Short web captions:
*** Begin section ***
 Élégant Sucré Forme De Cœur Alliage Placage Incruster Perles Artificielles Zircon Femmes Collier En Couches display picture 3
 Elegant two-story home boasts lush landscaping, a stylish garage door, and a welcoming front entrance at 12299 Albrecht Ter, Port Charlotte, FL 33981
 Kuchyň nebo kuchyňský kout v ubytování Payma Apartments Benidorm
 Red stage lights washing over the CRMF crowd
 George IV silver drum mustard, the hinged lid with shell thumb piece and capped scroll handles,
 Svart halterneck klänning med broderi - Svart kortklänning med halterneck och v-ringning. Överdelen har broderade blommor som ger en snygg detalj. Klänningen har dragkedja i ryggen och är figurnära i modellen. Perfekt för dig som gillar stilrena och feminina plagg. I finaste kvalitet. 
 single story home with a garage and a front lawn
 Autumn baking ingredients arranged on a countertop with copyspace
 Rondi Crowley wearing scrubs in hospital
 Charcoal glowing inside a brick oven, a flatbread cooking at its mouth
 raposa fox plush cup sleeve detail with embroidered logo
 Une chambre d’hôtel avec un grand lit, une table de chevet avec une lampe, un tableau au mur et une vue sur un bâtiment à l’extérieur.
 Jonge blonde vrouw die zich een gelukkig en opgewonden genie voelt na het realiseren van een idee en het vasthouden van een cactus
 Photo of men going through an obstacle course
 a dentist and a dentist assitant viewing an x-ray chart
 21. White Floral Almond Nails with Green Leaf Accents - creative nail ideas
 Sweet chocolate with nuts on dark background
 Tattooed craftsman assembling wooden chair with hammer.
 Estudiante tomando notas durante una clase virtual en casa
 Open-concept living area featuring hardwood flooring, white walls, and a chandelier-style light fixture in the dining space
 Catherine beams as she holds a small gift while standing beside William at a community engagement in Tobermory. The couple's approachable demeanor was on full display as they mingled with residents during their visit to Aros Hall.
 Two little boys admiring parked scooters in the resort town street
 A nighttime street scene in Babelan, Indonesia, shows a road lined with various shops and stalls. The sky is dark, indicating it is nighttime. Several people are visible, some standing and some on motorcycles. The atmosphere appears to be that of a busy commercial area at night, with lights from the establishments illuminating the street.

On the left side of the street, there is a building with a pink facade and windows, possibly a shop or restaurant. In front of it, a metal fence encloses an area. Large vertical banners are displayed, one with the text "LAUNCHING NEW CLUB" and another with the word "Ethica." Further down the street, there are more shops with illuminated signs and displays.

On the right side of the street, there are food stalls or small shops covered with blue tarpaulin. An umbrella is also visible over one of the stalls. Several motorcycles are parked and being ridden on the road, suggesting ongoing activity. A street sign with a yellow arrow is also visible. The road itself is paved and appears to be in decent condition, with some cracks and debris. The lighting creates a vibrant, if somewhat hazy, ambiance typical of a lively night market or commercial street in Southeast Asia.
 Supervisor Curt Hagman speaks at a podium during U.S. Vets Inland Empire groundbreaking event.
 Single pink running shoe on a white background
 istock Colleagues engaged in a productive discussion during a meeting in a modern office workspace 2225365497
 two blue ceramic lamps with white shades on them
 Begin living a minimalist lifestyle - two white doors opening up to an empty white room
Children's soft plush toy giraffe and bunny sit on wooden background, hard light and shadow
*** End section ***
WORK REQUEST: Go through the records and report each line that contains "dark".

WRITTEN REPLY:
 Sweet chocolate with nuts on dark background
 A nighttime street scene in Babelan, Indonesia, shows a road lined with various shops and stalls. The sky is dark, indicating it is nighttime. Several people are visible, some standing and some on motorcycles. The atmosphere appears to be that of a busy commercial area at night, with lights from the establishments illuminating the street.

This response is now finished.